【日大アメフット問題】逃げ切り狙う田中理事長 被害者QB父の会見要請で狭まる包囲網

2018年06月05日 16時30分

奥野康俊氏

 このまま雲隠れは許さない――。日大アメリカンフットボール部の悪質な反則問題で日大のドン、田中英寿理事長(71)の会見を求める声が高まっている。

 悪質タックルで負傷した関学大QBの父、奥野康俊氏(52)は4日、自身のSNSで田中理事長の会見を要請。「日本大学におかれては、ここまでの社会問題となった事に対して、大学としてのガバナンスについて、代表である田中理事長の記者会見を希望するとともに、第3者委員会は形骸化し、風化させる、意図的に無駄な時間をかける事なく、公正かつ真摯な調査の上、きちんと事実を解明して頂く事を強く望みます」(原文ママ)と、日大の第三者委員会にもプレッシャーをかけた。
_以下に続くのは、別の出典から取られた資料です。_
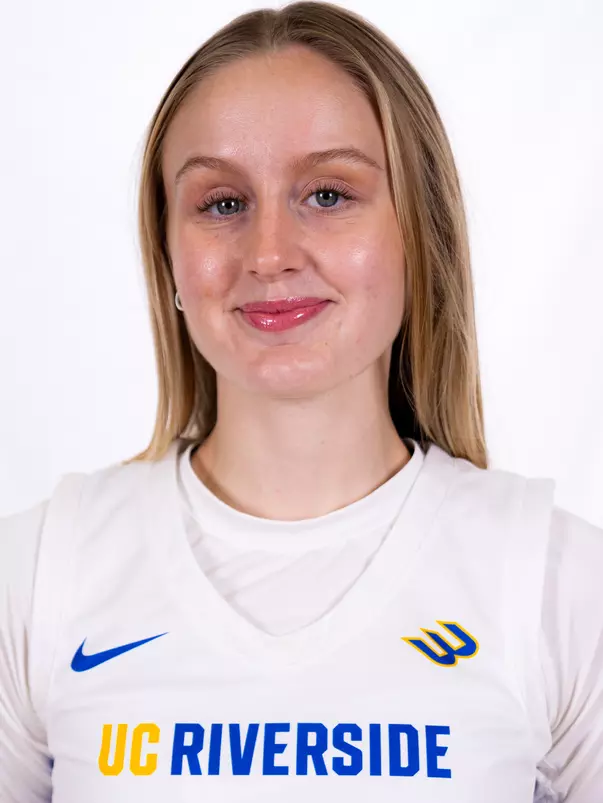 Julia Stenberg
 内田正人前監督(62)の常務理事辞任を受けて1日に会見した大塚吉兵衛学長(73)は「現時点では法人ではなくあくまで学生、体育会の範疇(はんちゅう)の問題」と、田中理事長の“登場”は現時点では必要ないと説明。第三者委員会の調査結果次第で「私を超えて理事長から最終的なお答えが出てくるのでは」とした。しかし、調査結果が出るのは7月下旬と先のこと。これでは、問題の風化を狙った「逃げの姿勢」ととられても仕方がない。

 内田氏の職員としての処分は未定だが、日大関係者は「内田氏にゴマをすって生き残ってきた職員もいるが、基本的にはみんな同氏を嫌っている。まだ事業部がらみでも悪い噂もあり、今回はさすがに逃げ切れないはず。重用してきた田中理事長もこのままではまずいと思っているだろう」と、理事長に影響が及ぶ可能性は十分あるという。“ドン包囲網”が緩むことはなさそうだ。